(Find the Virtual Shabbat Song Sheet, HERE – Sorry!)
You may or may not know this about me, but I am Trekkie — a life long Star Trek fan. I have been using some of the time forced upon us by our quarantine to revisit the Star Trek universe. (For those of you who might even care about the specifics, I have been greedily enjoying the new Picard series, I have been also watching Enterprise.). With this reboot of Star Trek values and principles at the now forefront of my ‘operating system’, there is one idea that seems to be speaking to me about this moment in time: “The needs of the many, outweigh the needs of the few.”

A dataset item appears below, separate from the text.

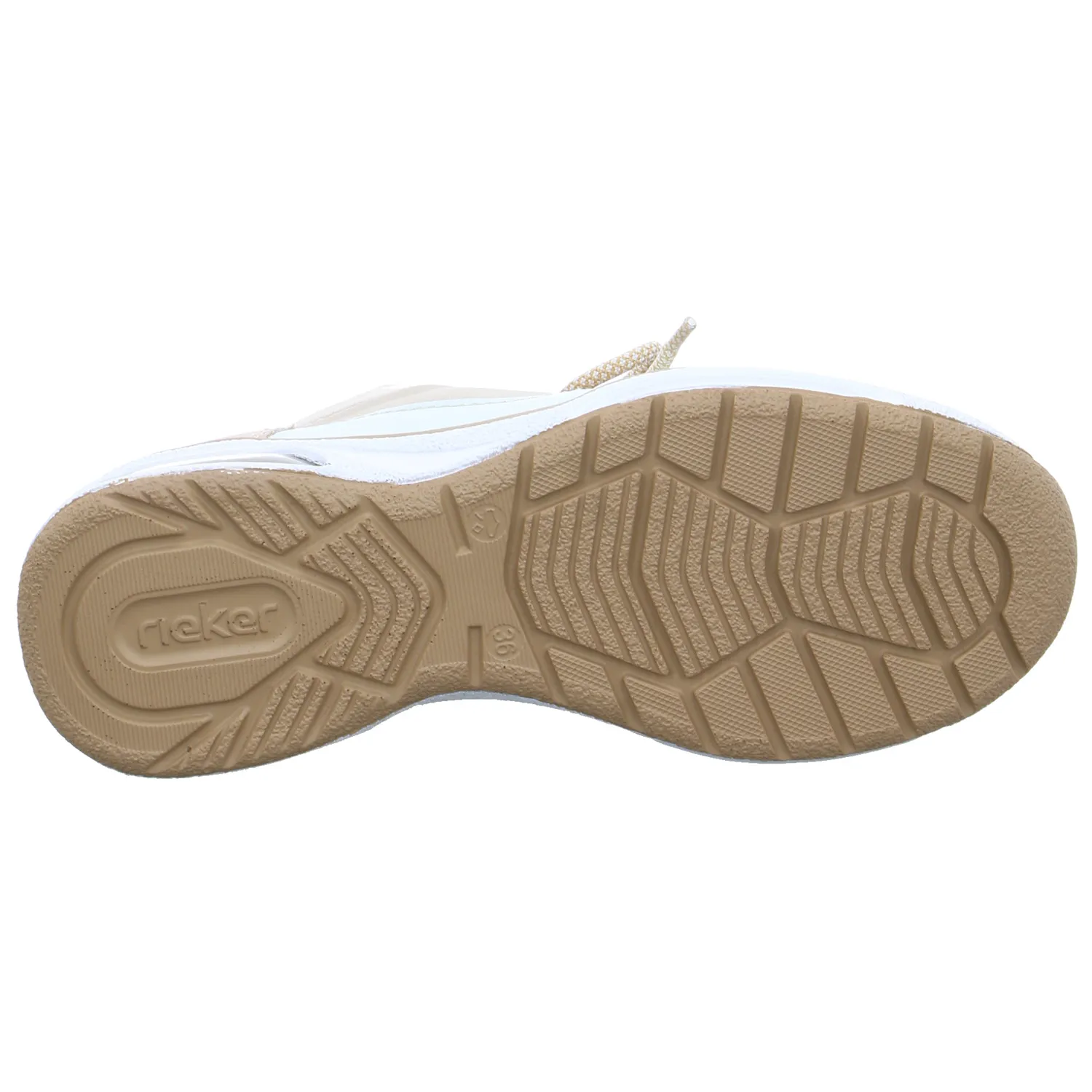 RIEKER Sneaker Rosa Textil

This piece of Vulcan logic seems to be normally out of place in our modern American culture. (And, indeed, even the Star Trek world turned the idea on its head.). Our culture trains, conditions and celebrates our being true to ourselves, our rugged individualism, and our creative self expression. Even our Jewish tradition enhances these values when it teaches us that to save a single soul, is to save an entire world.
And yet, it is not also an essential and value part of the human condition that we are wired to connect, love and live in community? Martin Buber (one of the Jewish thinkers who seems to have permanently rented a room in my mind) suggests that the only way we meet the divine is through that connecting, that relating to one another.
Covid-19 appears to be a severe teacher in reminding us how poorly we balance these two notions. Daily, even hourly, It teaches us what it means to remember that we live in an intricately interconnected web … and even if our individual selves cannot detect how we can and may impact one another, we most certainly do. And as difficult and even painful it may be to limit our individual expressions, freedoms and very selves … it is clear to me the needs of the many, outweigh the needs of the few.